Please set down, word for word, the line that contains "Rote Achat Kette" and every line after it to the end of the entries below, omitting the pictures.

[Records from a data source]
____

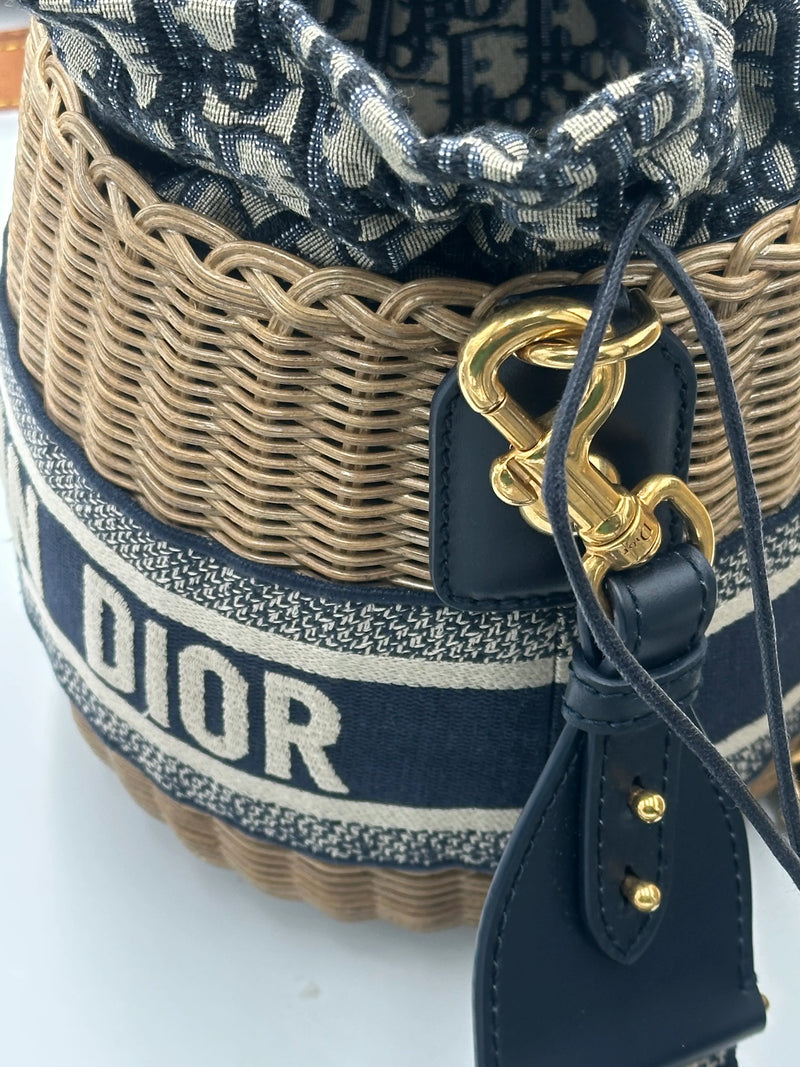 Christian Dior Drawstring Bucket Wicker With Oblique Canvas Neutral Bag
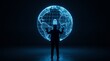 © Agus - Businessman Silhouette Managing Global Digital Network Security and Data Privacy Protection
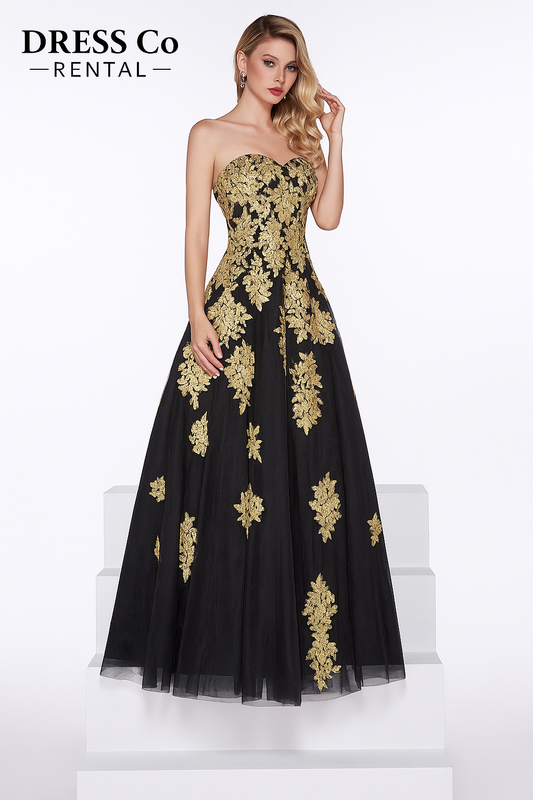 Black strapless long evening dress with luxurious gold embroidery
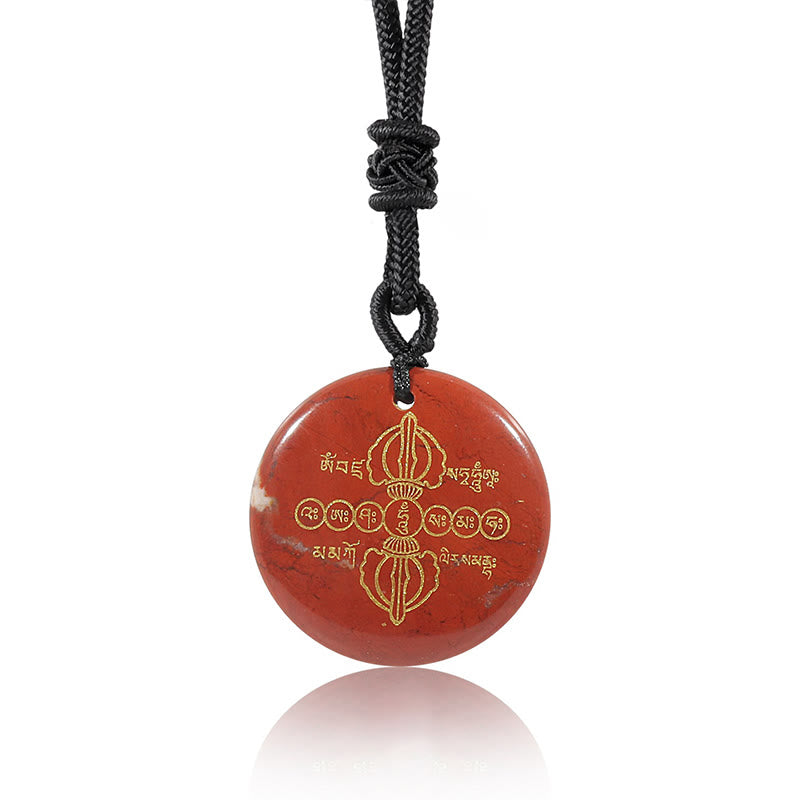 Rote Achat Kette mit Vajra Symbol goldenen Gravuren Schmuckanhänger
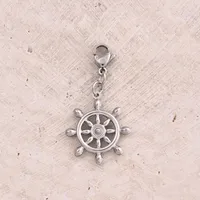 Casual Modern Style Heart Shape Rudder Anchor 304 Stainless Steel Handmade Polishing DIY Jewelry Accessories sku image 1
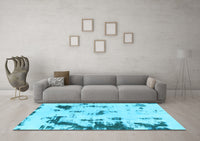 Machine Washable Abstract Light Blue Modern Rug, wshabs1127lblu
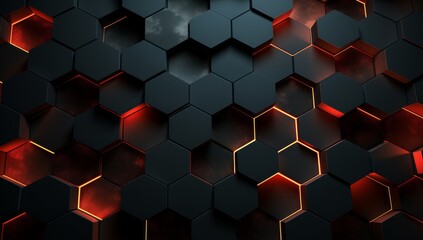 Abstract Black Wallpaper, Red Orange Hexagons, 3D Effects, Warm Tones, Mosaic Pattern, Contemporary Design, Geometric Abstraction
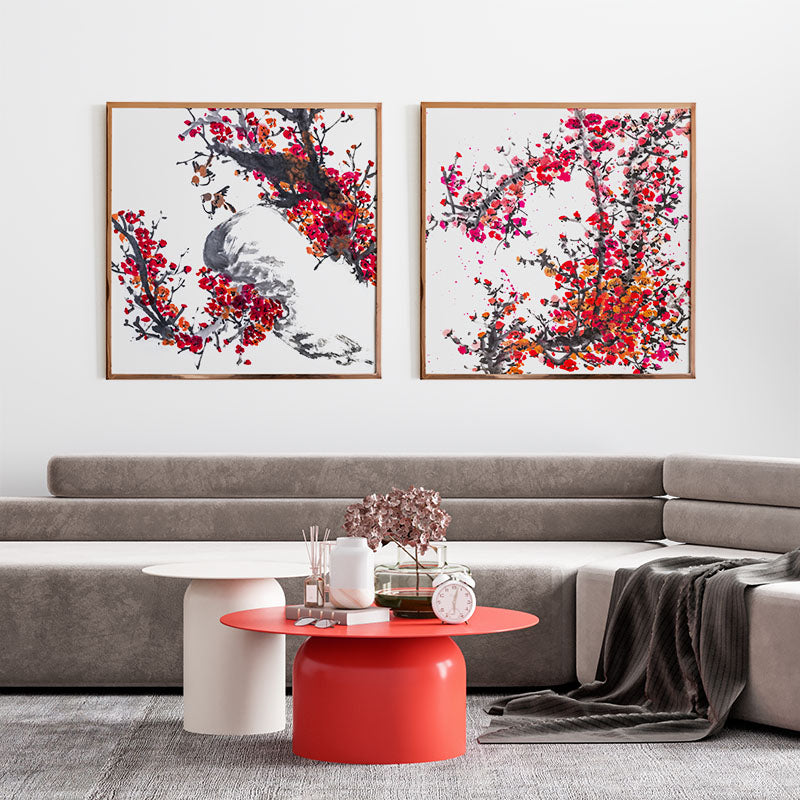 Modern living room with a set of 2 Japanese artworks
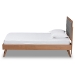 Baxton Studio Linn Mid-Century Modern Dark Grey Fabric Upholstered and Walnut Brown Finished Wood Twin Size Platform Bed - Linn-Dark Grey/Walnut-Twin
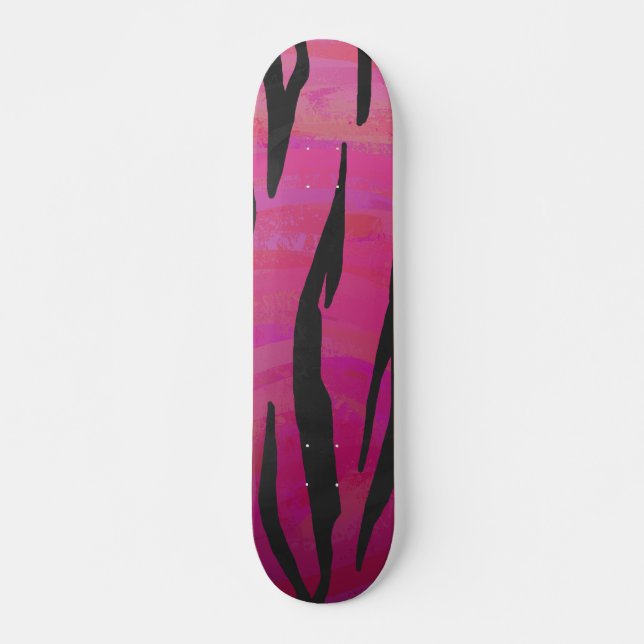 Skateboard Tiger rose chaud et noir (Devant)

____

* [Task answer]
 Rote Achat Kette mit Vajra Symbol goldenen Gravuren Schmuckanhänger
 Casual Modern Style Heart Shape Rudder Anchor 304 Stainless Steel Handmade Polishing DIY Jewelry Accessories sku image 1
 Machine Washable Abstract Light Blue Modern Rug, wshabs1127lblu
 Abstract Black Wallpaper, Red Orange Hexagons, 3D Effects, Warm Tones, Mosaic Pattern, Contemporary Design, Geometric Abstraction
 Modern living room with a set of 2 Japanese artworks
 Baxton Studio Linn Mid-Century Modern Dark Grey Fabric Upholstered and Walnut Brown Finished Wood Twin Size Platform Bed - Linn-Dark Grey/Walnut-Twin
 Skateboard Tiger rose chaud et noir (Devant)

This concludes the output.